_WHAT THIS TASK INVOLVES_:
In full and exactly, reproduce the entries below, but omit the pictures.

(DATA SECTION)

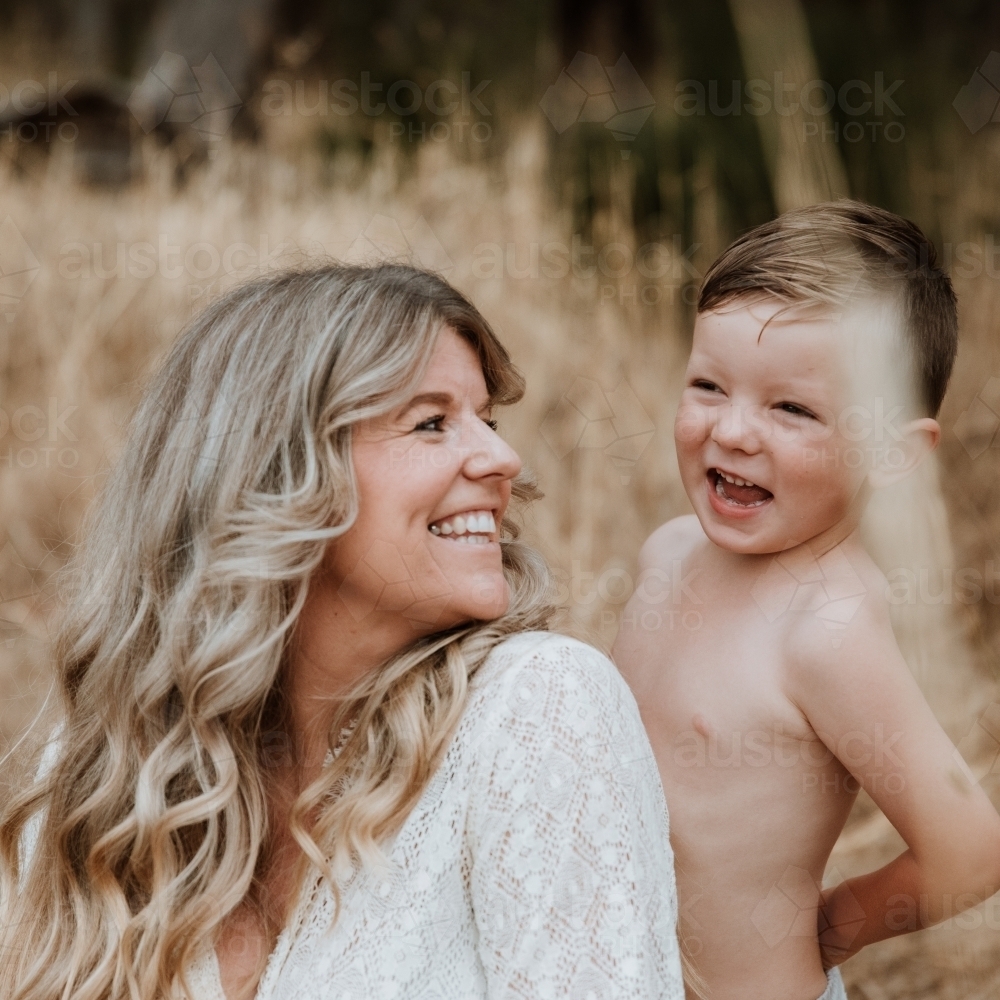 Happy mother and son together in field outside - Australian Stock Image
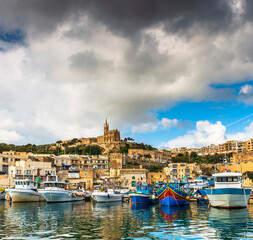 Fototapeta na wymiar Port of the island of Gozo with its fishing boats, in Malta in the far south of Europe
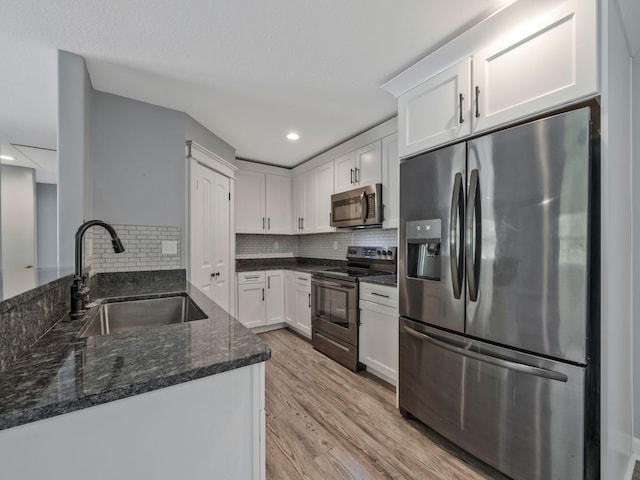 3120 Trenton Rd, Clarksville, TN 37040 - kitchen featuring tasteful backsplash, a sink, dark stone counters, stainless steel appliances, and white cabinetry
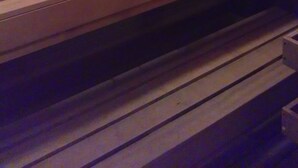En bastu med träbänkar och ett sluttande golv.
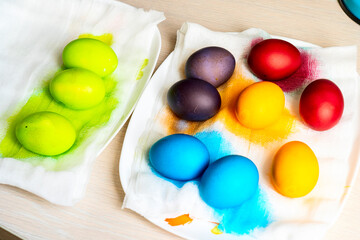 Painted eggs on the table after painting, a symbol of Easter, eggs 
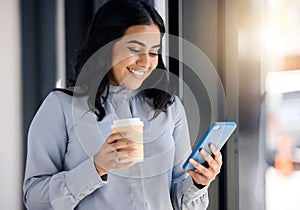 Smile, businesswoman with phone and coffee on break browsing social media and internet or typing message. Technology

(End DATA SECTION)

_EXERCISE SOLUTION_:
 Happy mother and son together in field outside - Australian Stock Image
 Fototapeta na wymiar Port of the island of Gozo with its fishing boats, in Malta in the far south of Europe
 3120 Trenton Rd, Clarksville, TN 37040 - kitchen featuring tasteful backsplash, a sink, dark stone counters, stainless steel appliances, and white cabinetry
En bastu med träbänkar och ett sluttande golv.
 Painted eggs on the table after painting, a symbol of Easter, eggs 
 Smile, businesswoman with phone and coffee on break browsing social media and internet or typing message. Technology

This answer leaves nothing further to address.